Page 1 of 1

Activating OCR

PostPosted:Wed Feb 23, 2011 6:00 am
by joako
I've installed OpenKM & tesseract & configured OpenKM.conf:

system.ocr=/opt/local/bin/tesseract

I've also uploaded some .tiff files, however, I don't see any way to activate the OCR system. How would I go about having OCR run against these uploaded files?

Re: Activating OCR

PostPosted:Wed Feb 23, 2011 8:16 pm
by jllort
Have you restarted jboss before doing OpenKM.cfg changes
You can try executing tesseract img.tif img2.tif ( be caure if image is .tiff could not be parsed by ocr ... I don't know if it could be the problem, it'll be a bug on this case ), first try on your terminal.
There's nothing else

Re: Activating OCR

PostPosted:Thu Feb 24, 2011 2:36 am
by joako
Actually the files are named .TIF. I've tried the command and it is working, but I cant see how to determine if the OCR is working in OpenKM...

Re: Activating OCR

PostPosted:Thu Feb 24, 2011 8:52 am
by jllort
When you pass the ocr from terminal you see the extracted text. Put in OpenKM and make you query by content that contains some of that words.

Re: Activating OCR

PostPosted:Tue Mar 01, 2011 12:15 am
by joako
I have done that but no matter what keywords I use I don't ever get any results from .tif files. Is there some special way they need to be imported? Where in the process does the OCR run and how can I verify if the OCR is running, if any error is generated, etc. Also, there's no way to view the properties/details for a file and see if the OCR has been run and view the OCR results?
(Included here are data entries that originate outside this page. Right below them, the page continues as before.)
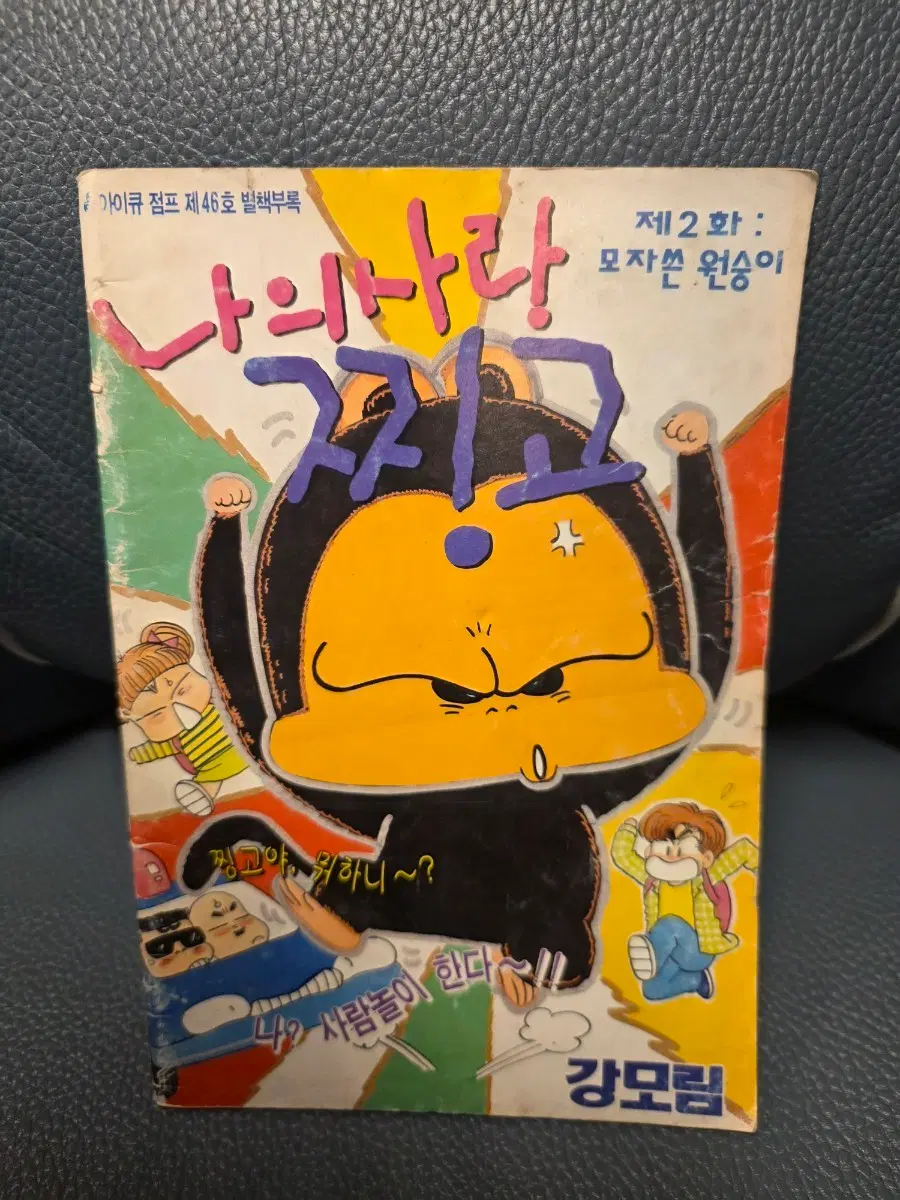 고전만화, 아이큐점프 부록, 아이큐점프, 나의사랑 찡고, 명탐정 코난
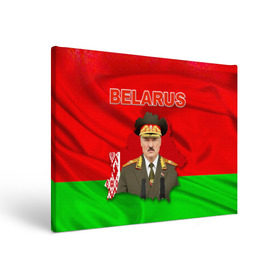 Холст прямоугольный с принтом Belarus 17 в Екатеринбурге, 100% ПВХ |  | Тематика изображения на принте: belarus | беларусь | лукашенко | президент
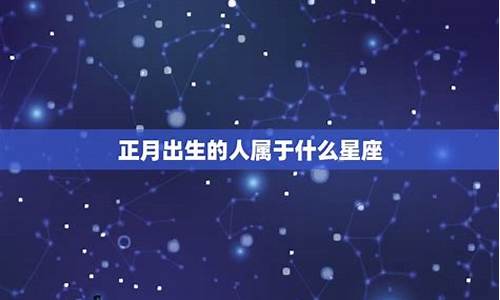 正月二十是什么星座-正月二十是哪个星座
These would be very useful troubleshooting tools.

Re: Activating OCR

PostPosted:Tue Mar 01, 2011 8:28 pm
by pavila
Put in $JBOSS_HOME/server/default/conf/jboss-log4j.xml this entry:
Code: Select all
<category name="com.openkm.extractor">
    <priority value="DEBUG"/>
</category>
Also if you post a sample TIFF here will help us.

Re: Activating OCR

PostPosted:Wed Mar 02, 2011 6:57 am
by joako
I only see these messages when I upload a .tiff file:
Code: Select all
01:51:06,388 INFO  [BundleCache] num=1486 mem=8135k max=8192k avg=5605 hits=25358 miss=4642
01:51:06,419 INFO  [LRUNodeIdCache] num=3153/10240 hits=8404 miss=31596
Is during the upload process when OCR is run?

Re: Activating OCR

PostPosted:Fri Mar 04, 2011 9:00 pm
by joako
Since I am sure many people are not using MacOS X Server I decided to run on Linux. On the MacOS X Server I installed VirtualBox, then openSUSE 11.3 Linux so on and so forth. I now have OpenKM running but again there is no search result for TIFF format images.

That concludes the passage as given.